What to produce >> The lines you should transcribe are those from the one containing "New Build - Villa / Semi detached - Algorfa" to the end of the listing below, exactly, with pictures left out.

Data for this task >>
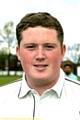 MATT TAYLOR 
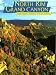 Books : Grand Canyon North Rim: The Story Behind the Scenery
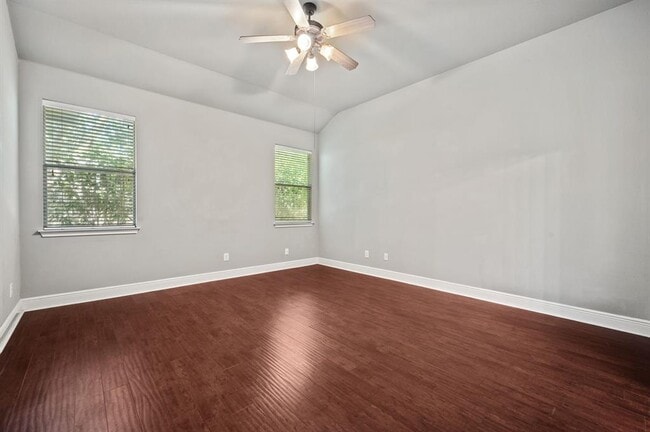 Building Photo - 2016 Melissa Oaks Ln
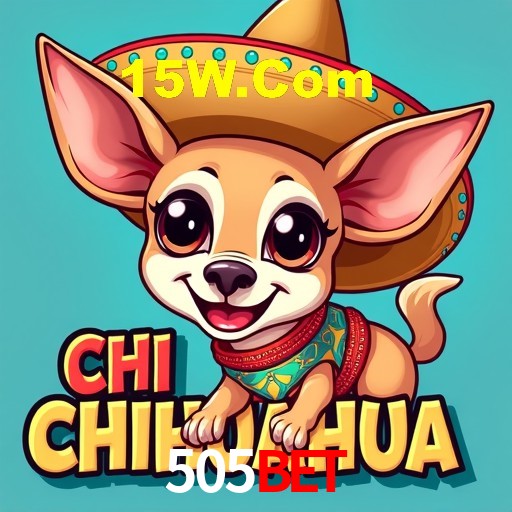 Estatísticas do Jogo 505Bet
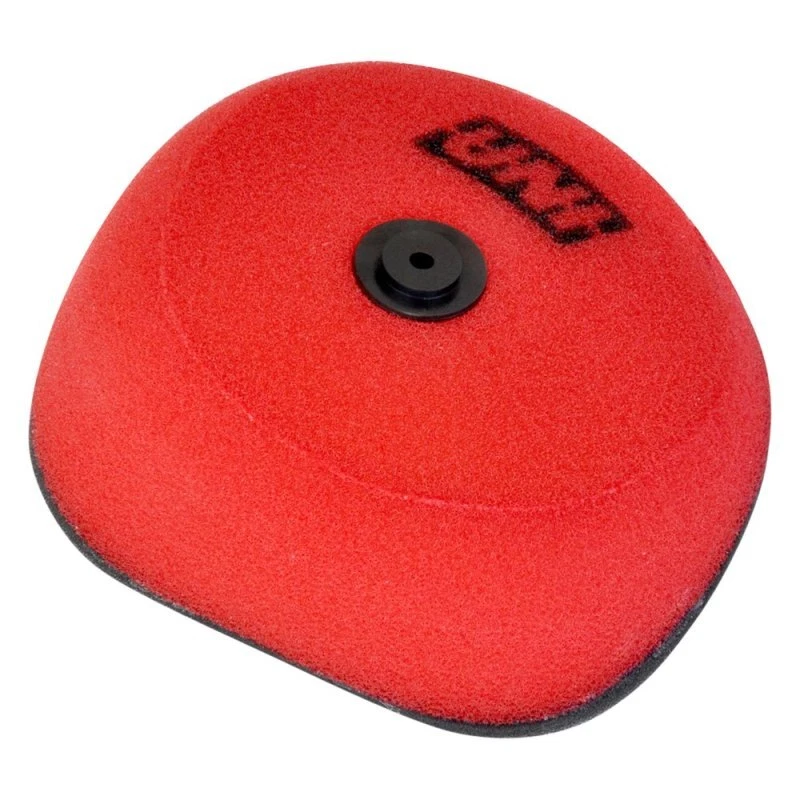 Uni 1985 Kawasaki KLR 250 Air Filter | NU-2357ST - Image 1 of 1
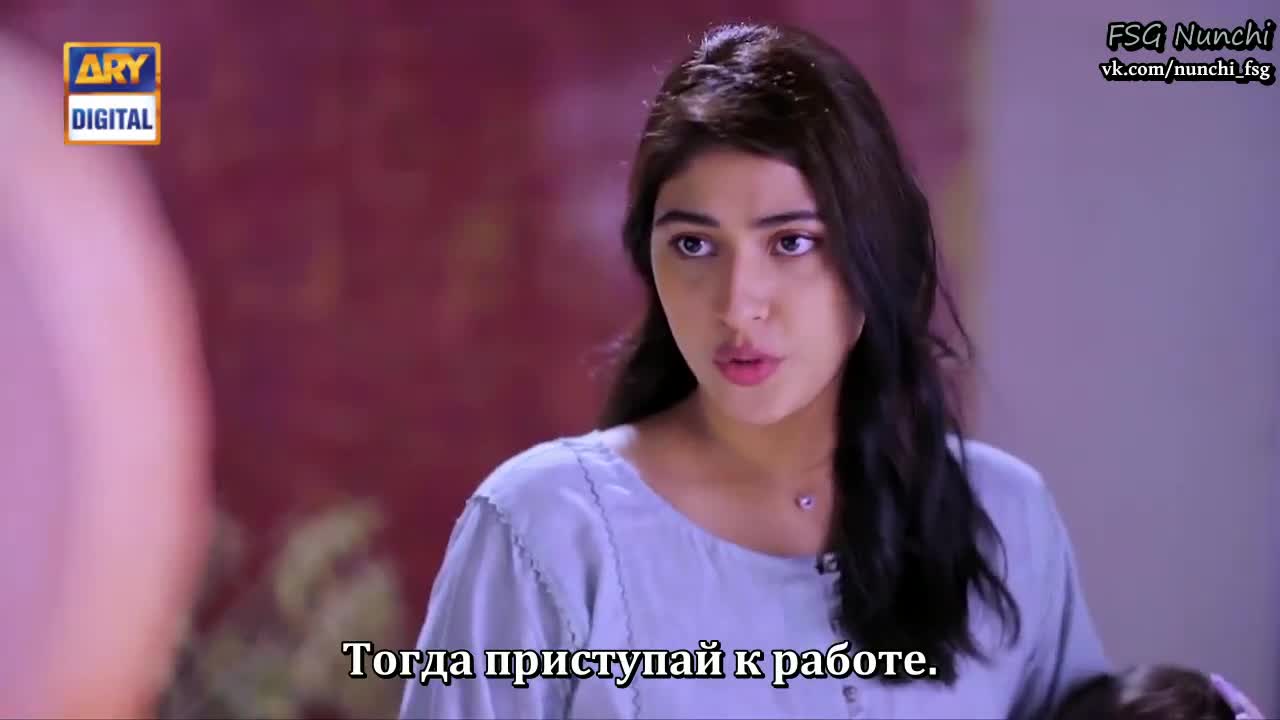 Нили жива 4 серия Нили жива 4 серия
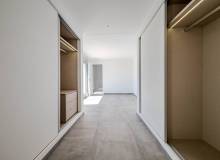 New Build - Villa / Semi detached - Algorfa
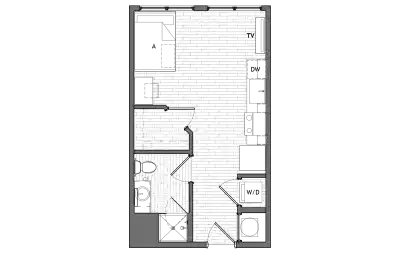 Exterior?w=400&h=260&fit=crop&q=40&auto=format&trim=auto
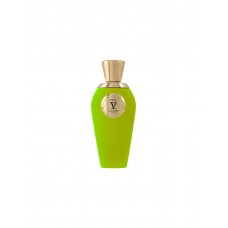 Духи V Canto P.D.F. Extrait de Parfum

Solution >>
 New Build - Villa / Semi detached - Algorfa
 Exterior?w=400&h=260&fit=crop&q=40&auto=format&trim=auto
 Духи V Canto P.D.F. Extrait de Parfum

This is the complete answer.